Inspired by previous research which proved clouds exist in brown dwarf atmosphere (see our post on DRIFT-PHOENIX Atmosphere Models) we set out to investigate if the same family of clouds could reside in hot Jupiter atmospheres.
We applied our cloud formation model to a 3D radiative-hydrodynamic simulation (RHD) of HD 189733b (Dobbs-Dixon & Agol 2013), to prove that the temperature and pressure conditions on these planetary atmospheres are suitable for cloud formation. We took temperature, density and pressure data in 1D “slices” of the 3D simulation as input for our cloud formation model (Figure 1). This is like using an atmospheric probe to sample the local conditions of the atmosphere during descent. The combination of a sophisticated 3D RHD atmospheric model and our 1D cloud formation model allowed us to create cloud “maps” of the HD 189733b atmosphere.
Our results show how cloud properties change between different regions of the planet. First we noticed that the size of cloud particles changes with the location on the globe. Grains found on the dayside generally grow faster and larger than those on the nightside. However, because of the lower temperatures on the nightside, more grains form on the nightside.
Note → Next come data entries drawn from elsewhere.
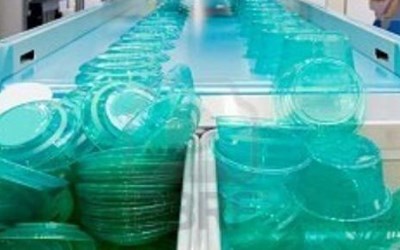 Memişoğlu Plastik Sanayi İnşaat Taahhüt Ve Ticaret Ltd. Şti.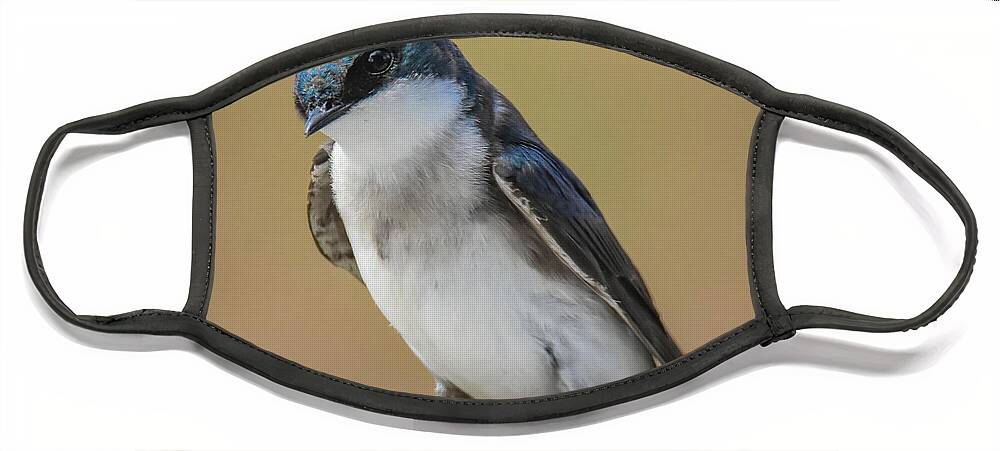 Swallow Face Mask featuring the photograph Swallow #1 by Michelle Wittensoldner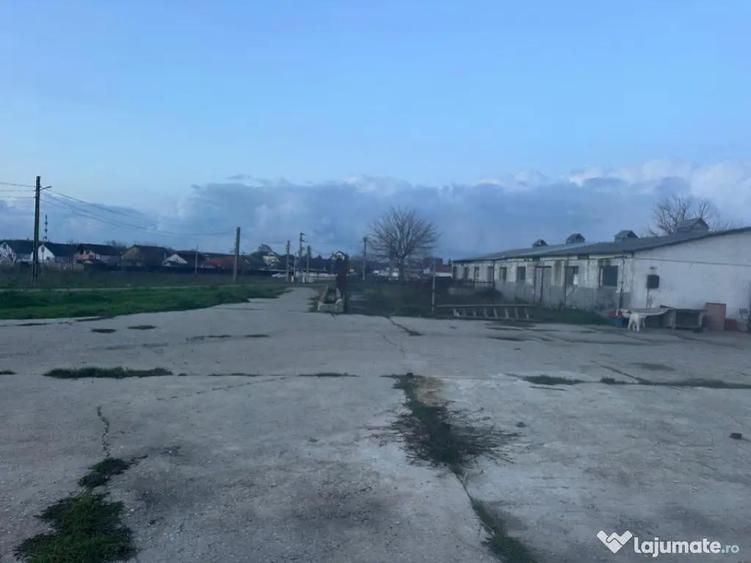 Teren intravilan industrial - 15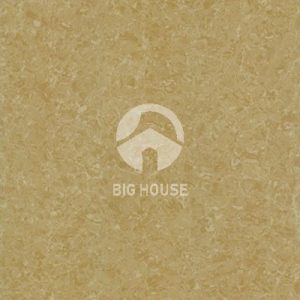 Gạch lát nền Taicera 60x60 P67771N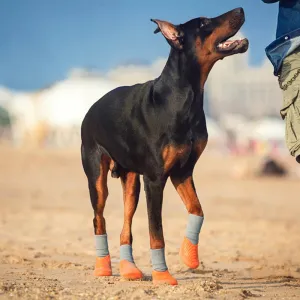 4PCS Dog Shoes Waterproof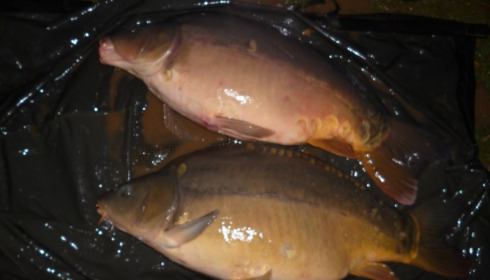 A 21 lb carp from Lillypool, Stocking, Jan 2015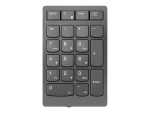 Lenovo | Professional | Go Wireless Numeric Keypad | Numeric Keypad | Wireless | N/A | Storm Grey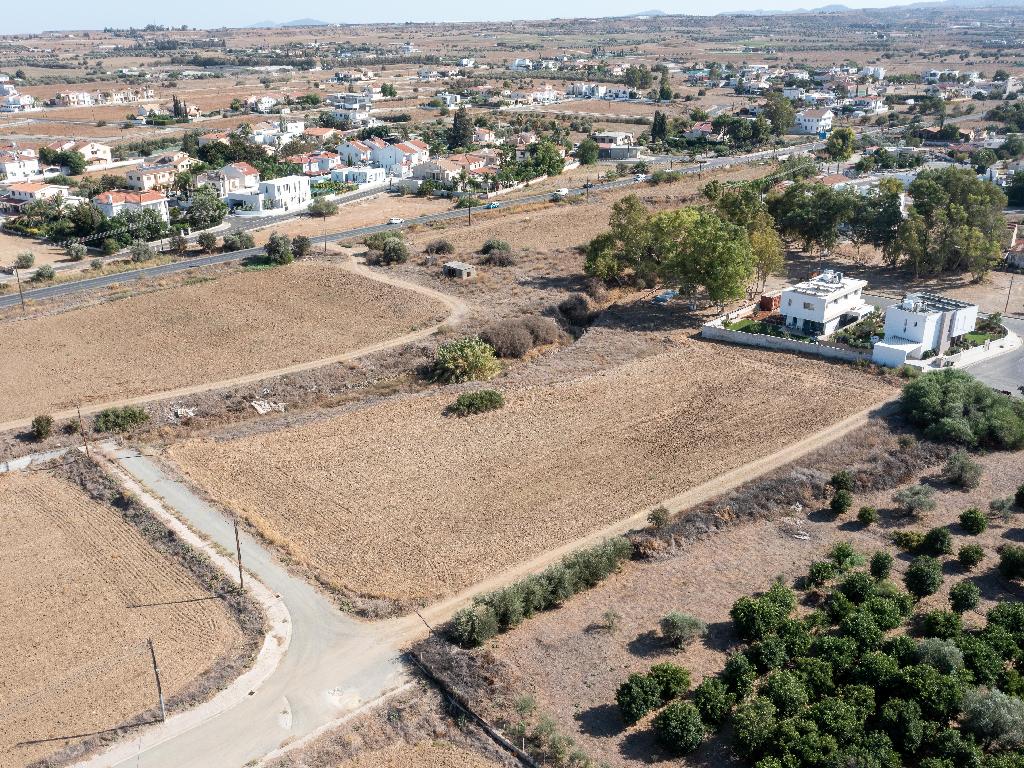 Field-Psimolofou-PR32567
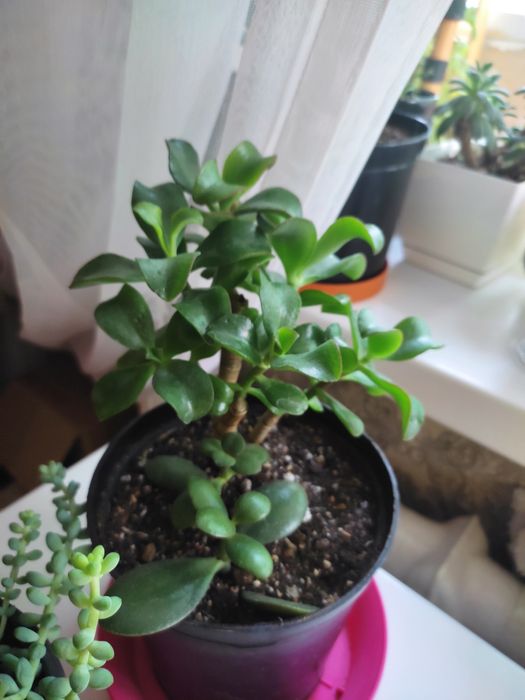 Продам суккуленты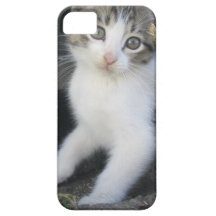 Gatito en el caso del iPhone de la granja iPhone 5 Protectores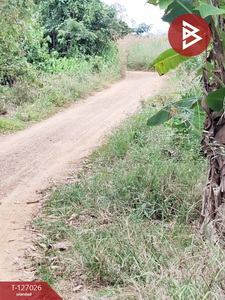 ��·��Թ �ԧ��§���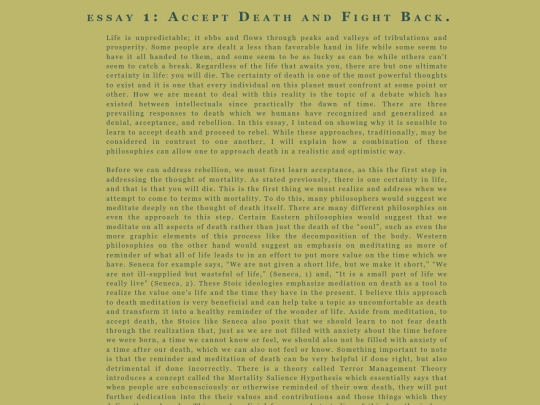 essays/a1 screenshot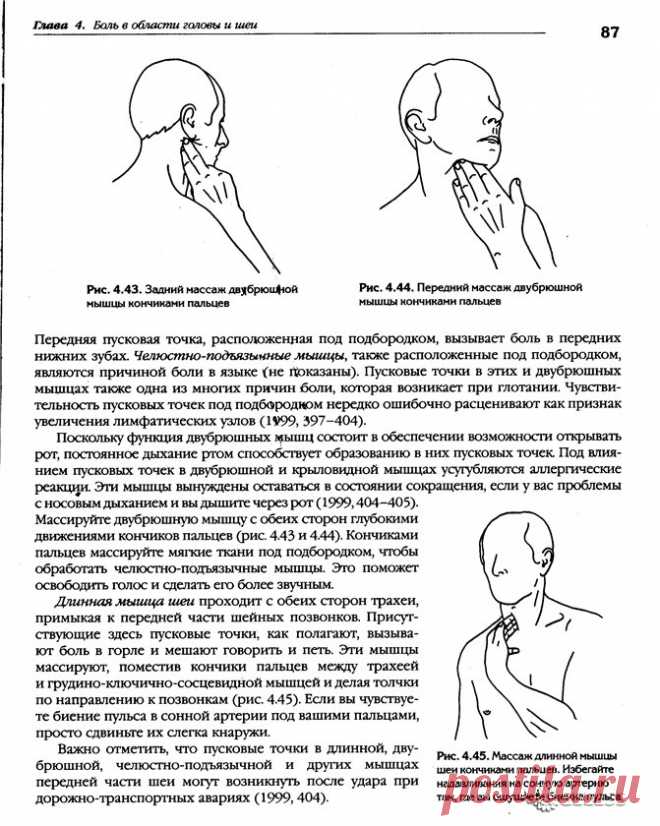 Точки болезненности. Полуостистая мышца шеи триггерные точки. Мышцы лица болевые точки. Триггерные точки мышц шеи и головы. Акупрессура триггерных точек.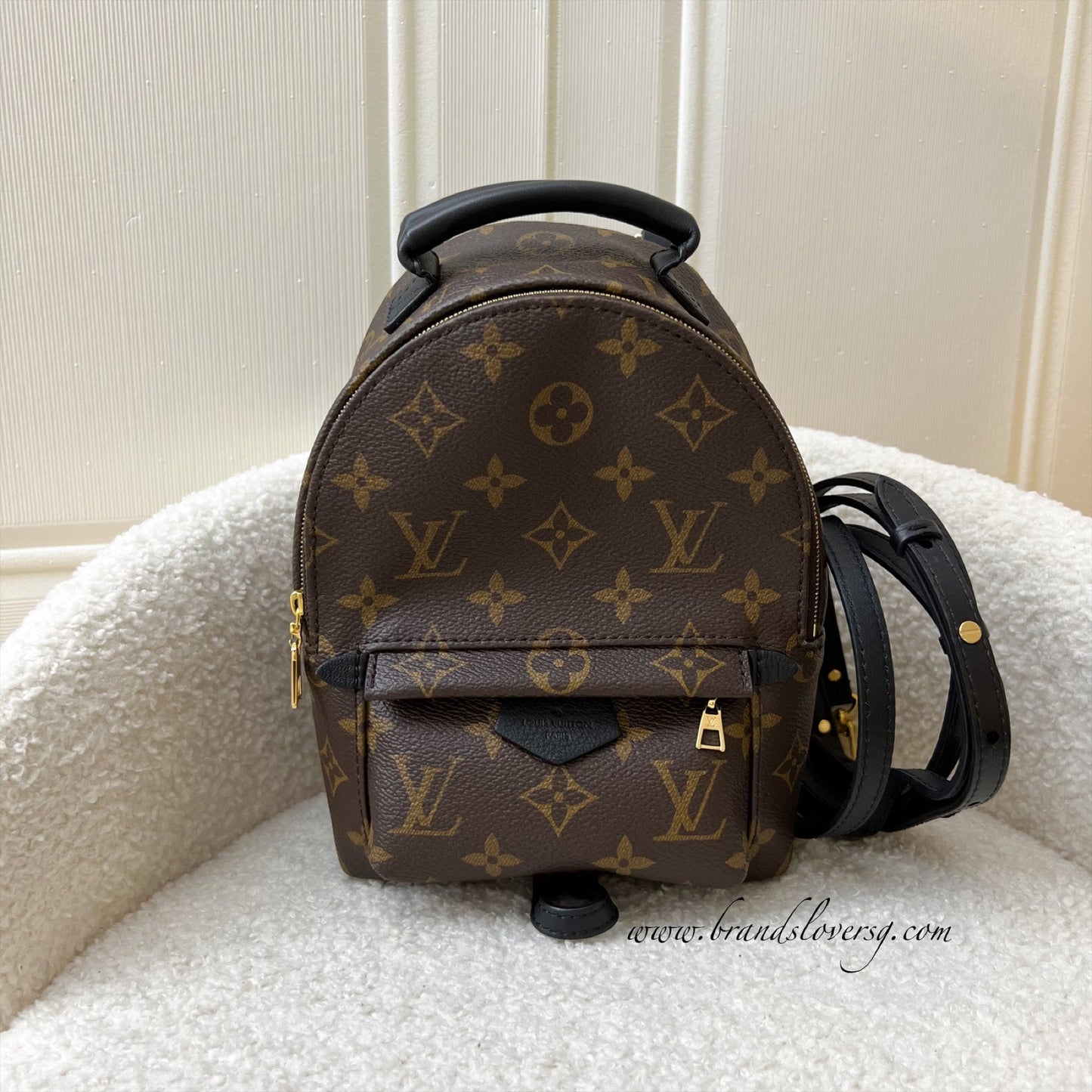 LV Palm Springs Mini Backpack in Monogram Canvas GHW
This leads to an cloud structure where numerous small grains reside on the nightside while larger (but less abundant) grains reside on the dayside face of the planet.
We converted the cloud properties across the globe into a map of global cloud properties: Figure 2 depicts the mean particle size at an atmospheric pressure of 10-2 bar across the globe of HD 189733b, where the difference between nightside and dayside is most apparent.
With our simulations, we show that the maximum reflectivity of mineral clouds correspond to the 8 micron Spitzer global flux maximum observed by Knutson et al. (2007). Our results therefore suggest that clouds can significantly contribute to the infrared flux from these planets by scattering photons back into space.
We further found that the clouds on the hot Jupiter HD 189733b reflected more efficiently in blue than red spectral range. This suggests that the clouds on this planet will appear midnight blue in colour if viewed with human eyes. Figure 3 shows an RGB colour estimation for HD 189733b clouds by interpolating the light scattering result. Evans et al. (2013) presented observations with the Hubble Space Telescope suggesting a bluish appearance of HD 189733b which our work now supports on the basis of detailed cloud formation modelling.
Could these clouds sparkle? Mineral cloud particles are thought to form crystalline structures as they travel through the atmosphere (Helling & Ritmeijer 2009). This means that the mineral particles that form the clouds on HD 189733b are likely to “sparkle” similar to gemstones on Earth, such as sapphire.